Após o grande fracasso que marcou a guerra, Israel aprimorou seu sistema de inteligência, tornando-se uma das referências mundiais. O quadro de reservistas militares também foi alterado. O reexame do conceito de reservas resultou na ampliação do tempo de reserva anual e no crescimento da diversidade de forças convocadas para as reservas, o que, por um lado, acrescentou ao exército áreas de conhecimento e experiência e, por outro, ampliou o escopo total das forças militares disponíveis ao Estado de forma contínua e, principalmente, em momentos de emergência.

Sob esse aspecto, inclusive, Revital lembra que “existe uma grande relevância no contexto atual, o que explica o efeito considerável do protesto dos reservistas contra a revolução jurídica sobre a capacidade militar do país”.

Para além do lado militar, a guerra também ‘sacudiu’ Israel e permitiu o ressurgimento do espírito de empreendedorismo, de iniciativa, da capacidade de improvisação e da criatividade e que, desde então, não pararam mais, em quase todas as áreas.

“É importante lembrar que a resiliência de um país não é garantida de antemão e para sempre. Existe o risco de cair em um conceito errado, ainda que haja bons sistemas operando atualmente. Por isso, vale ressaltar que a Guerra do Yom Kippur, mesmo passados 50 anos, segue nos ensinando a importância da liderança, da visão, de assumir responsabilidades, de tomar decisões com coragem, de liderar desafios de longo prazo e não pensar apenas no dia seguinte, como é o caso do atual governo, infelizmente”, destaca a diplomata e colaboradora do IBI.

Nesse sentido, ela adverte: “quando o líder tenta preservar a situação, em vez de resolvê-la, e é constantemente responsivo e defensivo, conforme é o caso da liderança atual, como se vê há anos na fronteira com Gaza, na Cisjordânia ou nas fronteiras com o Líbano, ele de fato não produz nenhuma iniciativa, nem no aspecto de segurança nem no político. Então, apesar de todas as diferenças em relação ao período de desgaste que precedeu a guerra do Yom Kippur, há muitas similaridades com a situação atual, de modo que, naquela época, a principal preocupação era com a reação e a defesa, e com a preservação da situação, e isso também é o que está acontecendo hoje”.

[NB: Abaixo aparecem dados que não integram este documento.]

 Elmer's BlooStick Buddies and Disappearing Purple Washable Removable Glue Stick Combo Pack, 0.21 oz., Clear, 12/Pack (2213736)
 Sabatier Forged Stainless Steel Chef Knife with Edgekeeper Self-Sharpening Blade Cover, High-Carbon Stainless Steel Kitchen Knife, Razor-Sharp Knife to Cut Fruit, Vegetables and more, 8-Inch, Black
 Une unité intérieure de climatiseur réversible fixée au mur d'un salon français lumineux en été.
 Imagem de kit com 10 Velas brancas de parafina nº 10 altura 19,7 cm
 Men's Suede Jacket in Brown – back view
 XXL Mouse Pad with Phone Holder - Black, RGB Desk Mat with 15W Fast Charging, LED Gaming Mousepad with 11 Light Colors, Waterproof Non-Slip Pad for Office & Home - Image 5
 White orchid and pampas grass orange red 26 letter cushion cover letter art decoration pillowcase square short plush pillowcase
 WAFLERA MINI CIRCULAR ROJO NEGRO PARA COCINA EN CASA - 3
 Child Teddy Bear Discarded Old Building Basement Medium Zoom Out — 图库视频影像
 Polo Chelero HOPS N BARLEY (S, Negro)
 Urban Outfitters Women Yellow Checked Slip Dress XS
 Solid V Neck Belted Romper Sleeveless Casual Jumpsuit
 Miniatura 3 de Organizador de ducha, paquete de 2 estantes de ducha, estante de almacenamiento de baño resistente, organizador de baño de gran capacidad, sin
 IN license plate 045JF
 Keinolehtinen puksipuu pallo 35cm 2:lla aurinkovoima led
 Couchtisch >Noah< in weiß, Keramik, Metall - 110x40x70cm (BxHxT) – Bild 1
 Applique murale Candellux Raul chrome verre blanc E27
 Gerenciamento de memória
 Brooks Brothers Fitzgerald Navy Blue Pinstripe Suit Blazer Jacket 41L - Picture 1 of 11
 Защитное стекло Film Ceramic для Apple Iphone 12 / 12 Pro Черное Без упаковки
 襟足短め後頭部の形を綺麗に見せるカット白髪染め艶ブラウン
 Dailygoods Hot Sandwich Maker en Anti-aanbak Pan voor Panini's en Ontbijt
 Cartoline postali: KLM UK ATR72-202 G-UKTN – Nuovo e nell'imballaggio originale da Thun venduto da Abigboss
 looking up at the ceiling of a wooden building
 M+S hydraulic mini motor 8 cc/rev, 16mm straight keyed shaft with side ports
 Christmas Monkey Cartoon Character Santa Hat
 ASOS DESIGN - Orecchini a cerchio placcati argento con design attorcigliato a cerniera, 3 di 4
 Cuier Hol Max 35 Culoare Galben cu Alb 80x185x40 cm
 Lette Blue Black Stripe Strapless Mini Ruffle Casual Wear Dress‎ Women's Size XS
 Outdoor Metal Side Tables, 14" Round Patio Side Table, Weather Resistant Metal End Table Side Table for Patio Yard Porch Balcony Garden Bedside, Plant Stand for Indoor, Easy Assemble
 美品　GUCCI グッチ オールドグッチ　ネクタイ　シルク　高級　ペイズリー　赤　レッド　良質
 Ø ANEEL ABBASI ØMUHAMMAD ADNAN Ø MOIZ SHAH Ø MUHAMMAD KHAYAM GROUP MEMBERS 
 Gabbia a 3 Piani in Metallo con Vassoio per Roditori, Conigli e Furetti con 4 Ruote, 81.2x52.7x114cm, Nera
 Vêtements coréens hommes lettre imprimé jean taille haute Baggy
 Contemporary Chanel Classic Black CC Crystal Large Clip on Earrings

Por essa razão, ao lembrar da data de 50 anos da Guerra de Yom Kippur, Revital acredita se tratar de lição muito importante uma análise profunda e mudança de comportamento. “Na véspera do conflito, não analisamos a fundo a situação, nem tomamos medidas para transformar a realidade política regional, nem sequer prestamos atenção ao que não correspondia à nossa visão e, no final, acabamos surpreendidos e pagamos um preço extremamente alto. Essa conduta é a semente de um desastre. Ainda com todas as diferenças que ocorreram desde então em todos os aspectos, referindo-se especificamente ao nosso primeiro-ministro, esperamos que toda essa realidade pela qual passa Israel seja cuidadosamente analisada. Nesse sentido, aliás, quanto mais cedo, melhor’, conclui.